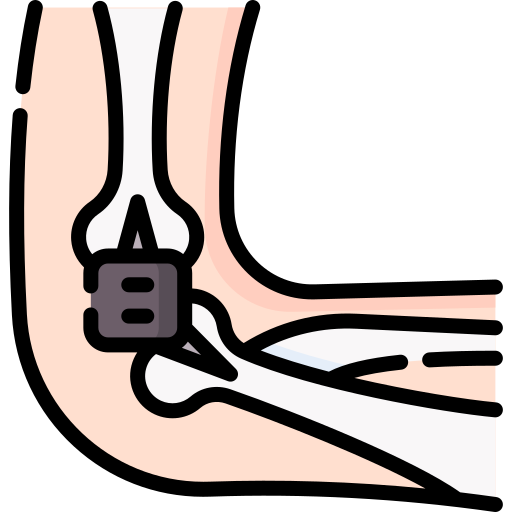 Cirugia de codo- clinica post quirurgica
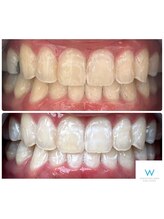 ホワイトニングショップ 奈良生駒店/回数券の方のBefore After 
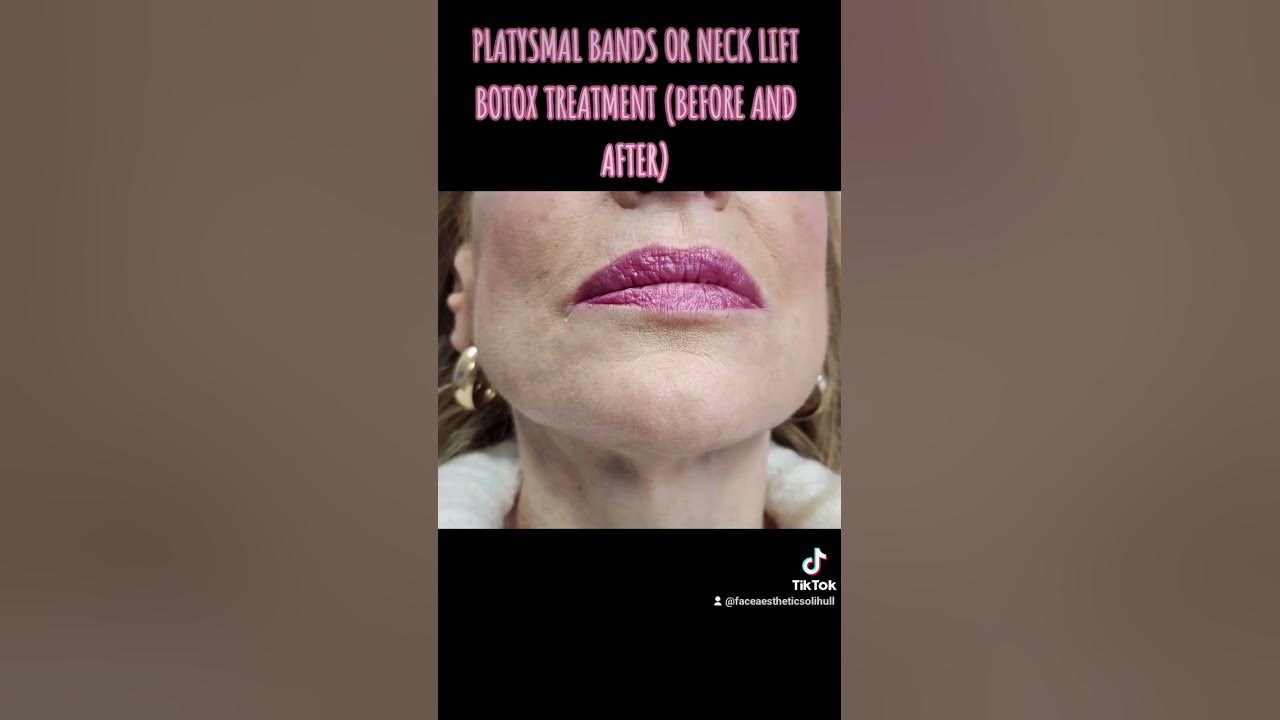 Platysmal bands or neck lift botox treatment before and after youtube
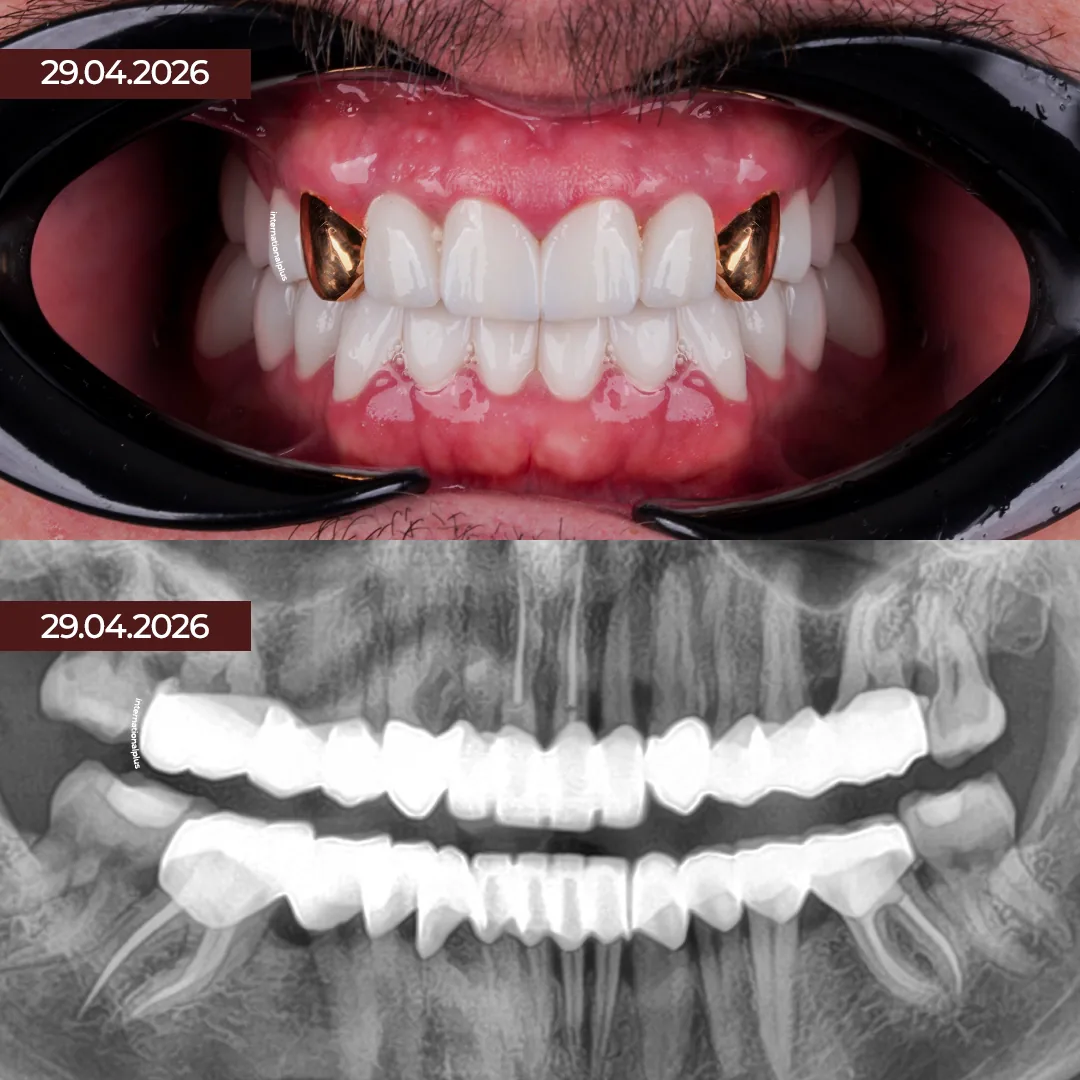 Why Combine Gold Dental Crowns With Zirconia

**What the task requires**. Restate verbatim the lines that begin at the one holding "Platysmal bands or" and end at the last line of the material. Exclude pictures.

**Output of the exercise**.
 Platysmal bands or neck lift botox treatment before and after youtube
 Why Combine Gold Dental Crowns With Zirconia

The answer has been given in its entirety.